(YOUR ASSIGNMENT):
The answer must consist solely of the lines from the line with "Collier Femme Long" to the end of the data below, transcribed exactly and with no pictures.
★ ★ ★ ★ ★ ★ ★
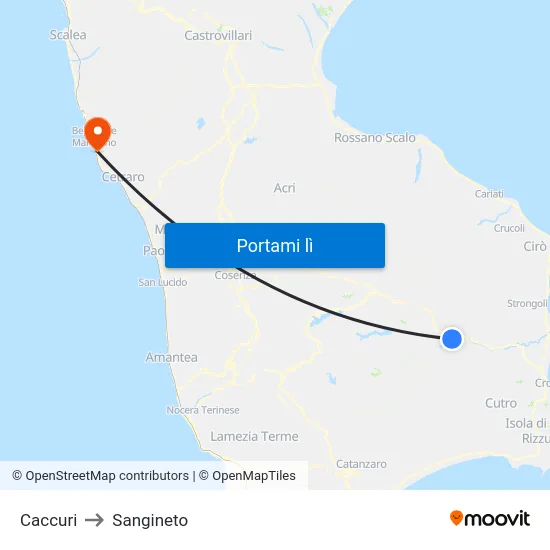 Caccuri to Sangineto map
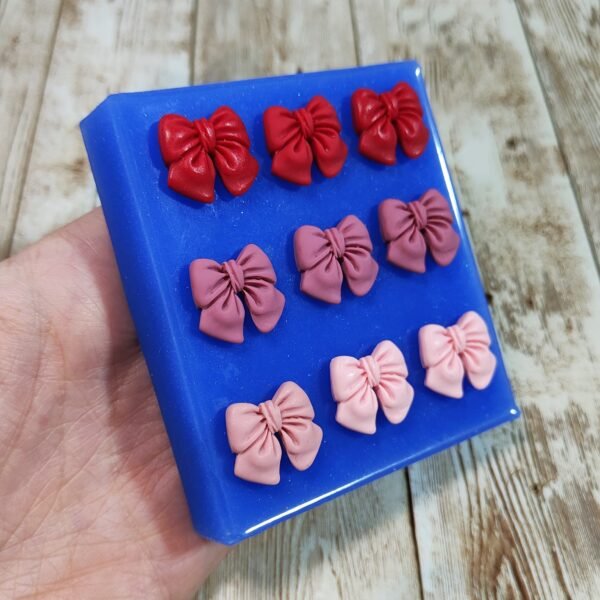 Stampo Fiocchi 9pz 2cm in silicone per creazioni in resina, gesso, sapone, cera e paste polimeriche - immagine 3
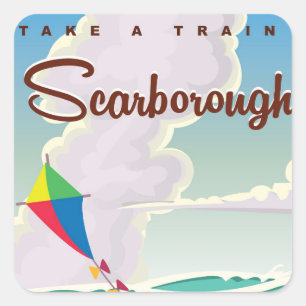 Scarborough beach travel poster square sticker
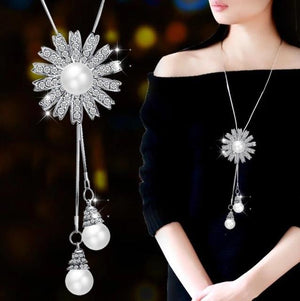 Collier Femme Long Gray Crystal Necklaces & Pendants for Women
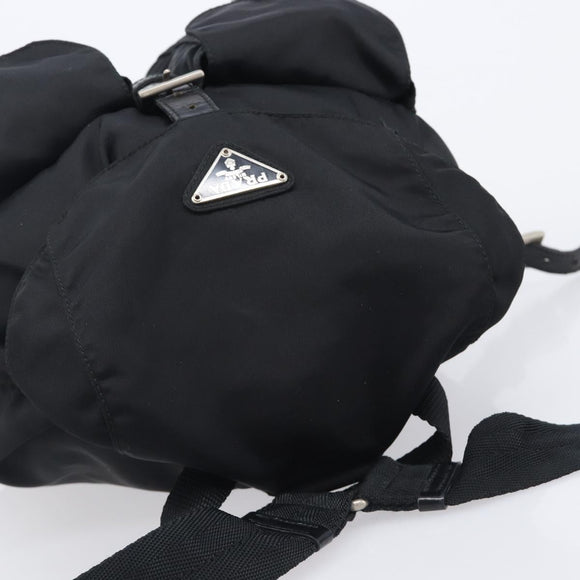 PRADA Backpack Nylon Black Silver Auth 201355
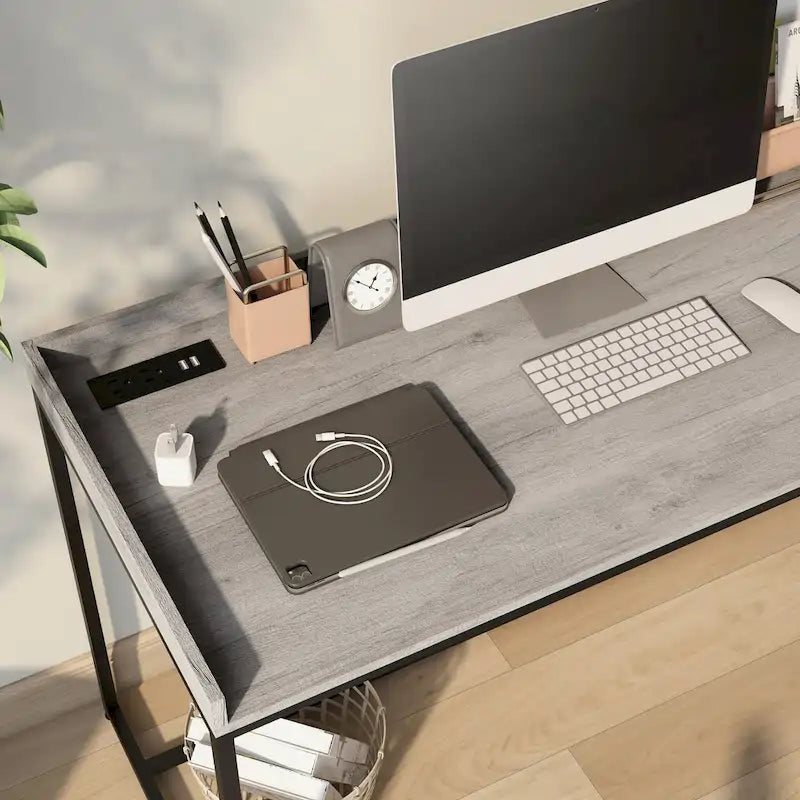 63-Inch Industrial Computer Desk | Steel Frame | Built-In USB Ports | Home Office Workstation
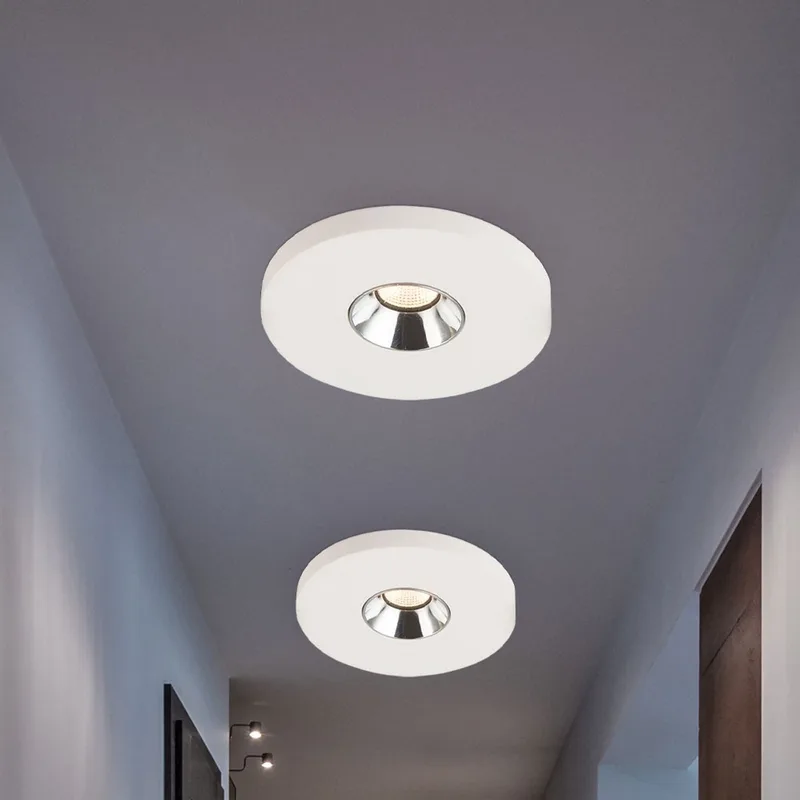 Inbouwspot gips wit Inbouwkeukenlamp Plafondlamp Inbouwlamp, chroom, LED 4,2W 200Lm warm wit, DxH 9x6 cm von Globo in Weiß – Produktfoto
★ ★ ★ ★ ★ ★ ★
(SOLVED EXERCISE):
 Collier Femme Long Gray Crystal Necklaces & Pendants for Women
 PRADA Backpack Nylon Black Silver Auth 201355
 63-Inch Industrial Computer Desk | Steel Frame | Built-In USB Ports | Home Office Workstation
 Inbouwspot gips wit Inbouwkeukenlamp Plafondlamp Inbouwlamp, chroom, LED 4,2W 200Lm warm wit, DxH 9x6 cm von Globo in Weiß – Produktfoto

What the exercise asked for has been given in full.